Published on 14 min read

    Background

    Ferrous Systems was contracted by the Internet Security Research Group (ISRG) to work on rustls, a modern TLS library in Rust, in 2023. We worked on adding no-std support to rustls, as well as designing and implementing an alternative API to the Connection API that lets the user manage the buffers used by rustls. We also did some performance improvements on the side. You can view ISRG's rustls work plan on their website.

    I'd like to walk through some of the work I did on the performance side as I ran into some interesting borrow checker problems and I think it would be instructive to share how I dealt with them.

    I'll cover three borrow checker problems, my solutions to those problems and the limitations of my solutions. The content will be covered in 3 posts; one borrow checker problem per post.

    NOTE: most snippets shown here are simplified versions of the rustls codebase as of version v0.22.0. Links are provided to the relevant parts of the rustls codebase should you wish to look at the full version.

    Processing incoming TLS data

    First, let's cover at a high level how rustls (v0.22.0) handles incoming TLS data.

    The Connection API has an internal contiguous buffer of bytes that it uses to read and buffer TLS data from an IO object, usually a network socket. Let's call this internal buffer incoming_tls_data. As a first approximation, you can think of this buffer as being a Vec<u8>. When you call read_tls, data is read from the IO object and appended to this internal buffer.

    // first approximation
    struct Connection {
        incoming_tls_data: Vec<u8>,
        // ..
    }
    

    After reading data with read_tls, the end user will call process_new_packets to complete the handshake process and to decrypt any application data that read_tls may have read from the network socket. process_new_packets does many things but it starts by extracting TLS records out of the incoming_tls_data buffer.

    TLS data is framed in records. Each record has a header that indicates what kind of payload it contains – for example, the payload could be a certificate – and how big the payload is. In addition to this, the payload of some TLS record types is encrypted; this is the case with records that carry application data.

         <--------------------- TLS data --------------------->
          <----- record 1 -----> <----- record 2 ----->
         +----------+-----------+----------+-----------+------+
         | Header 1 | Payload 1 | Header 2 | Payload 2 | (..) |
         +----------+-----------+----------+-----------+------+
    encr?|    no    |    no     |    no    |    yes    |
    size |    5B    |    1B     |    5B    |   122B    |
    type |   ChangeCipherSpec   |  EncryptedExtensions |
    

    Figure 1. ASCII diagram of TLS records as they appear in a TLS data stream. Diagram indicates the record types; header and payload sizes in bytes; and whether the payload is encrypted or not.

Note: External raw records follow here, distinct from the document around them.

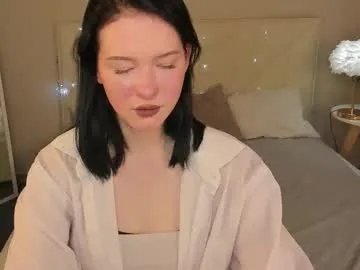 bella_royzs — Goal: Lick your finger #new #shy #teen #young #petite [0 tokens remaining]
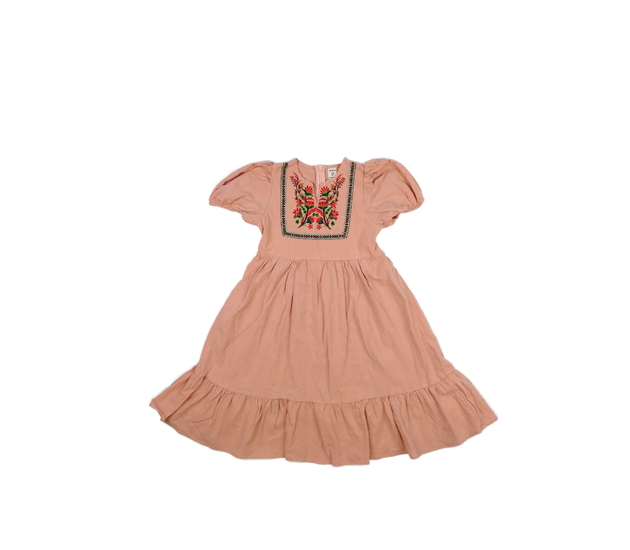 Růžové šaty s vyšitými květinami 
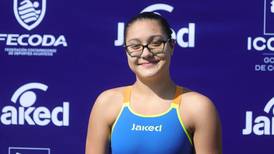 Promesa de la natación tica rompe récord juvenil de Sylvia Poll que tenía 37 años vigente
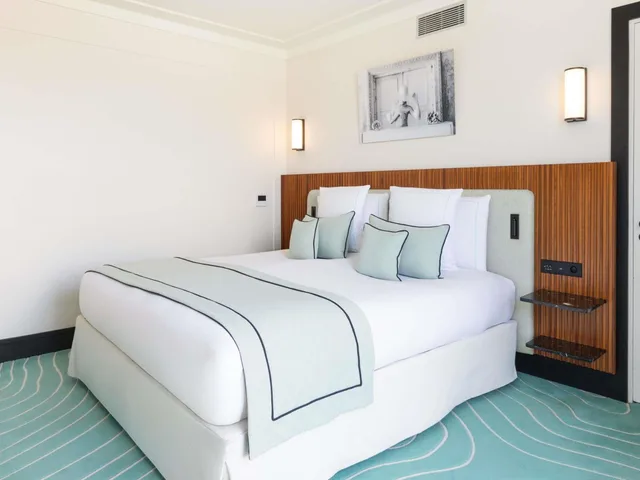 Serenity, Suite, Queen Bed, City View, Terrace، Mondrian Cannes 1/5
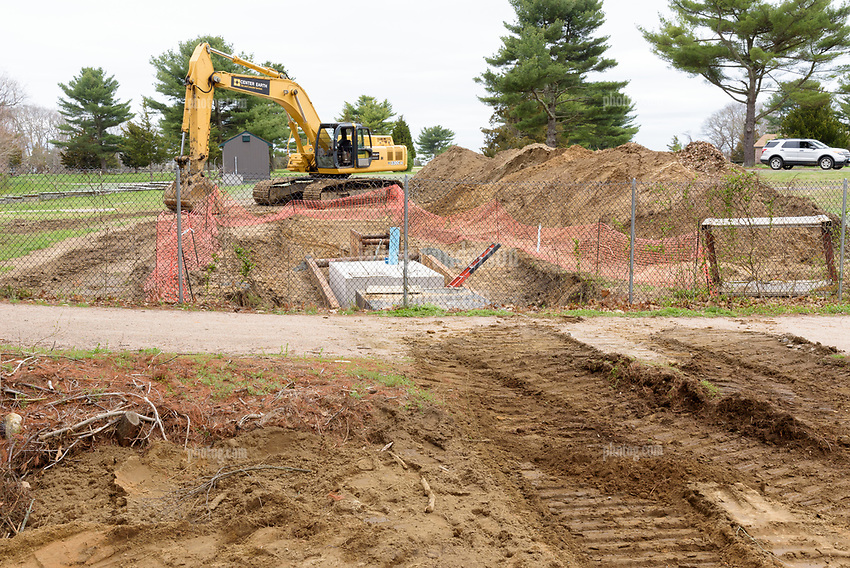 Combined Major Utility Replacement Hammonasset Beach State Park<br />
Project No: BI-T-605 Monthly Construction Progress Documentation<br />
Engineers: BL Companies Contractor: CenterEarth Construction Co.<br />
James R Anderson Photography New Haven CT photog.com<br />
Date of Photograph: 27 April 2017<br />
Camera View No. 09 - Plan SU-130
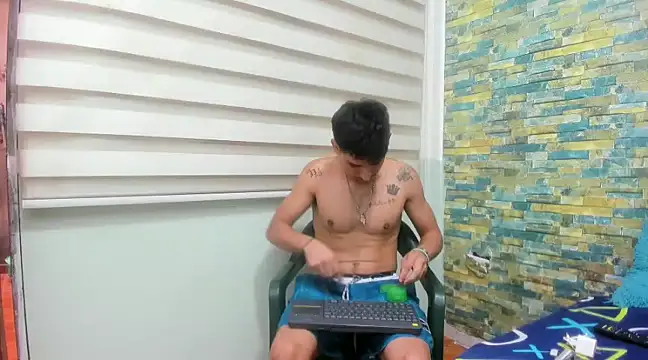 Snapshot of MasterSEX420 chatting on February 12, 2025, 12:33 pm MasterSEX420 online show from February 12, 2025, 12:33 pm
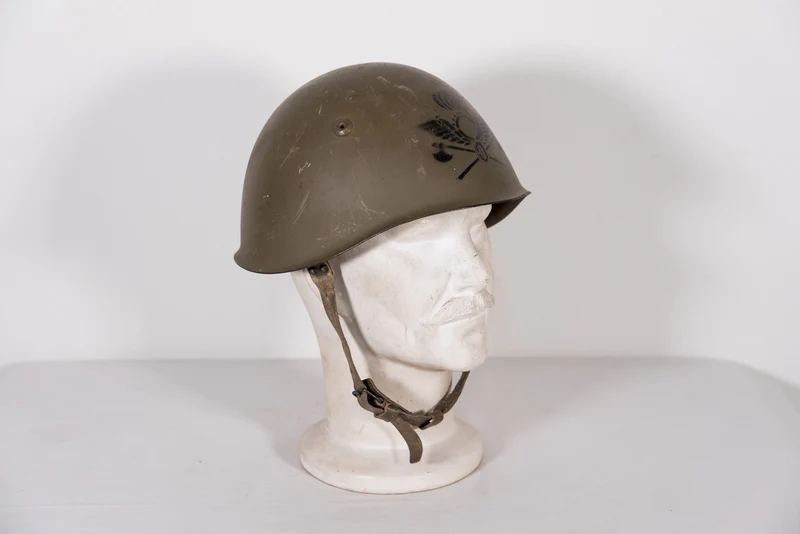 Italienischer M.33-Helm der Nachkriegszeit mit Fries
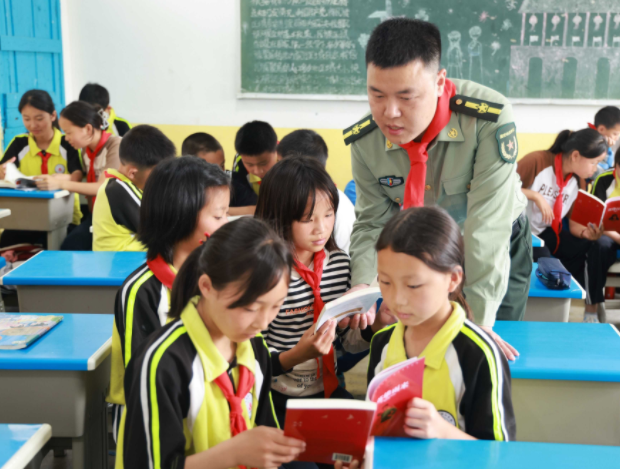 迷彩体会基地也是多部分协作继续深化国防教育实践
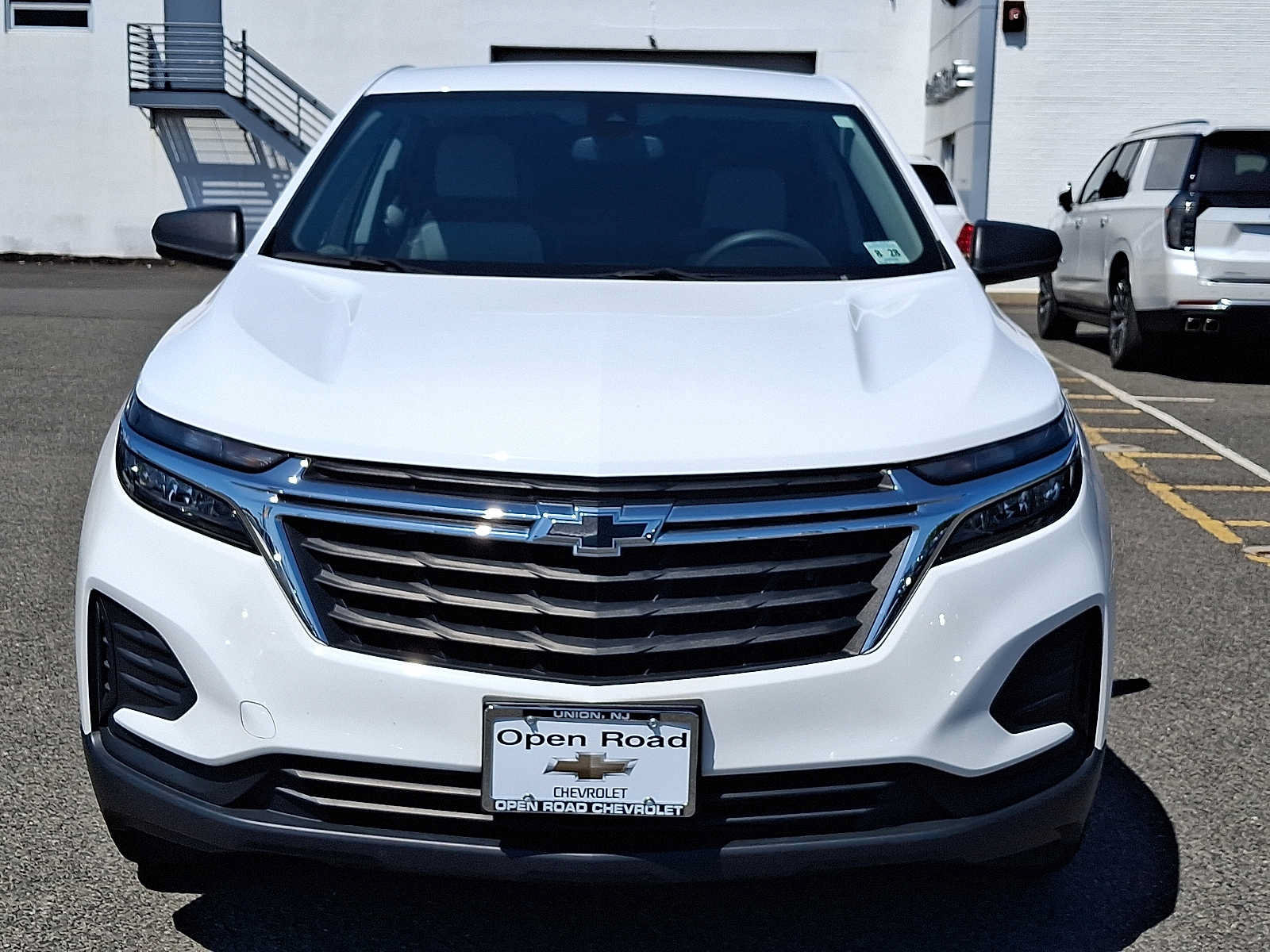 Used 2023 Chevrolet Equinox LS AWD/4WD image 2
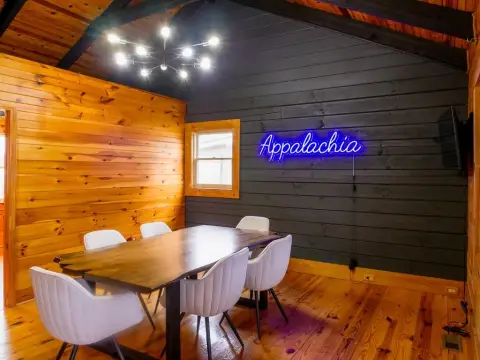 Versatile Commercial/Residential Property in Stanton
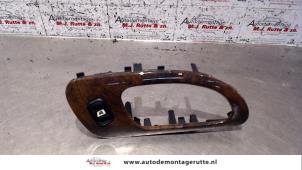 Used Electric window switch Peugeot 607 (9D/U) 2.2 HDi 16V FAP Price on request offered by Autodemontage M.J. Rutte B.V.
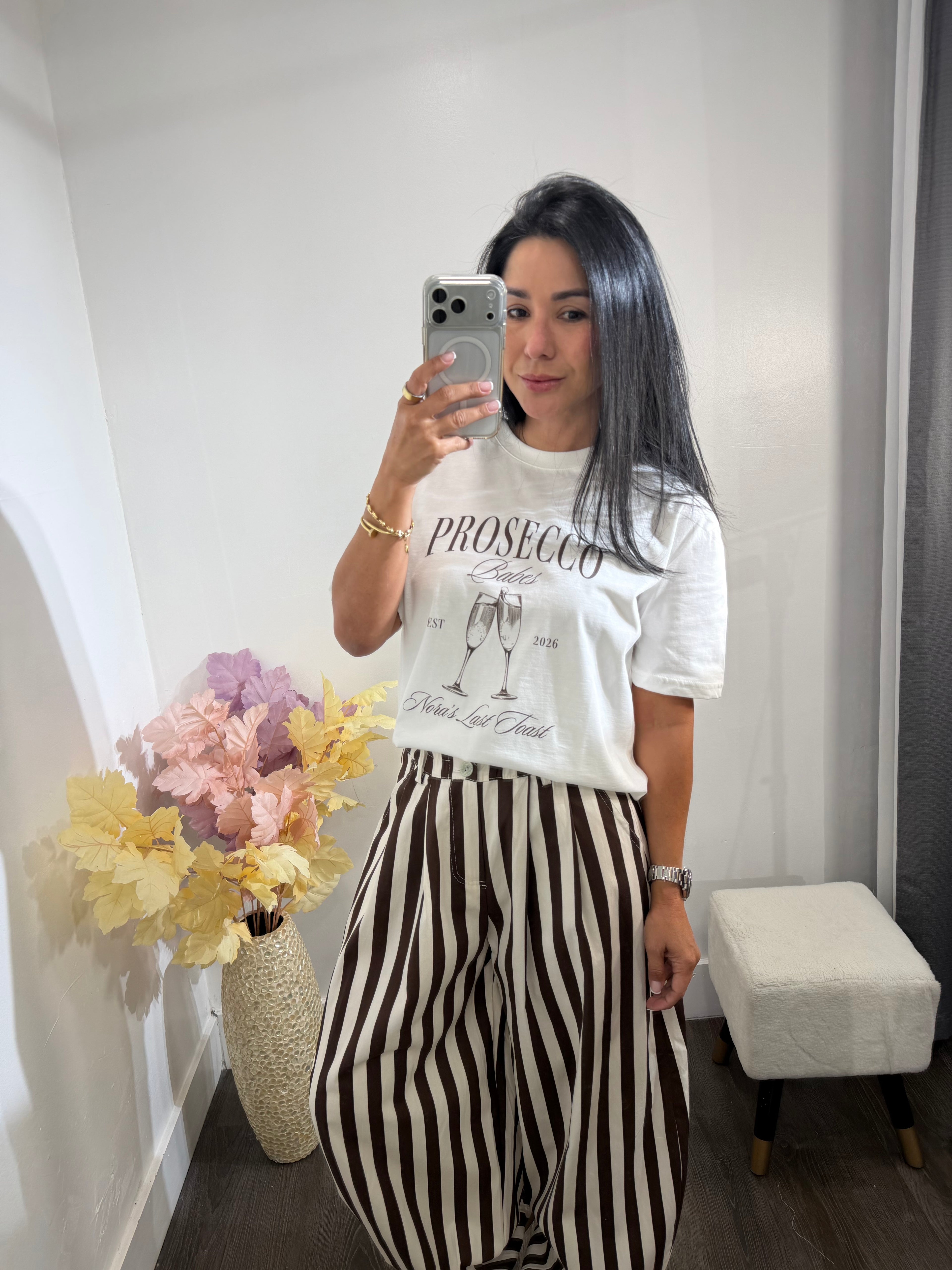 Graphic tee prosecco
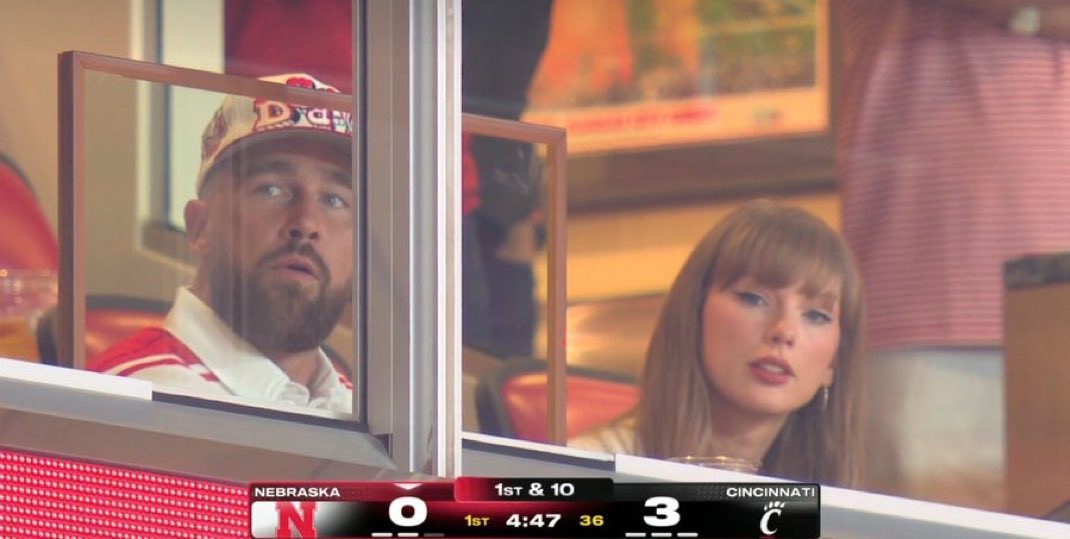 PopBase's tweet image. Taylor Swift and Travis Kelce at the Cincinnati Bearcats vs Nebraska Cornhuskers game.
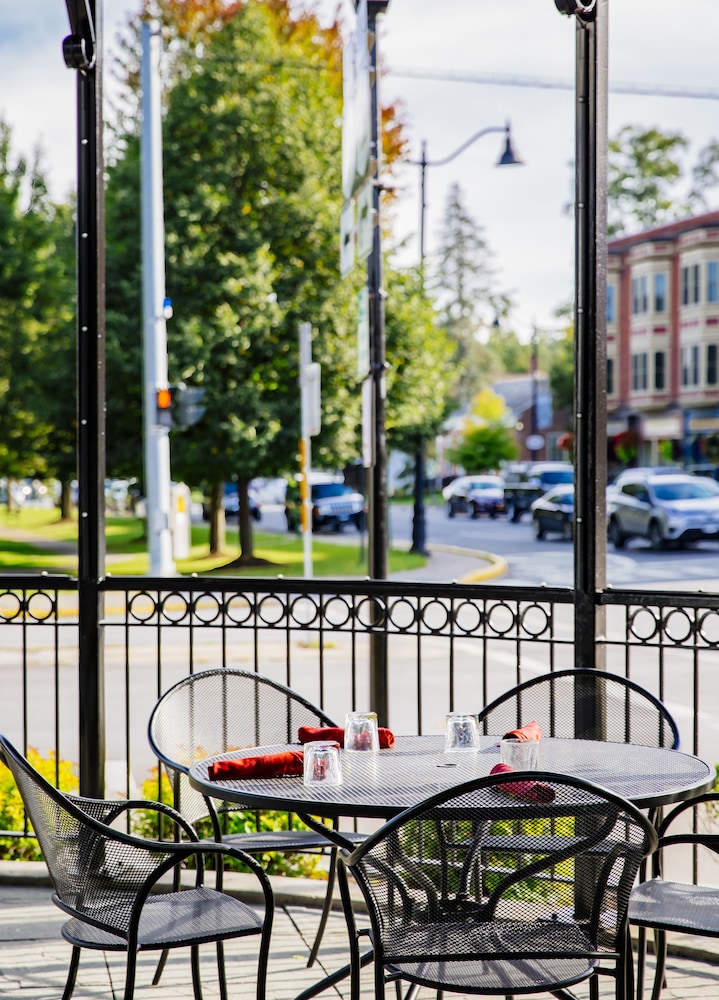 Colgate Inn 38/50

    The object used to extract records, and potentially decrypt their payloads, from this linear buffer is called the MessageDeframer. A second, better approximation of the Connection object then becomes:

    // NOTE: the types that sit between `MessageDeframer` and
    // `Connection` have been omitted
    struct Connection {
        incoming_tls: MessageDeframer,
        // ..
    }
    
    struct MessageDeframer {
        buffer: Vec<u8>
        // ..
    }
    

    MessageDeframer's most important method is pop. This method extracts one record out of its internal buffer and decrypts its payload if it's encrypted.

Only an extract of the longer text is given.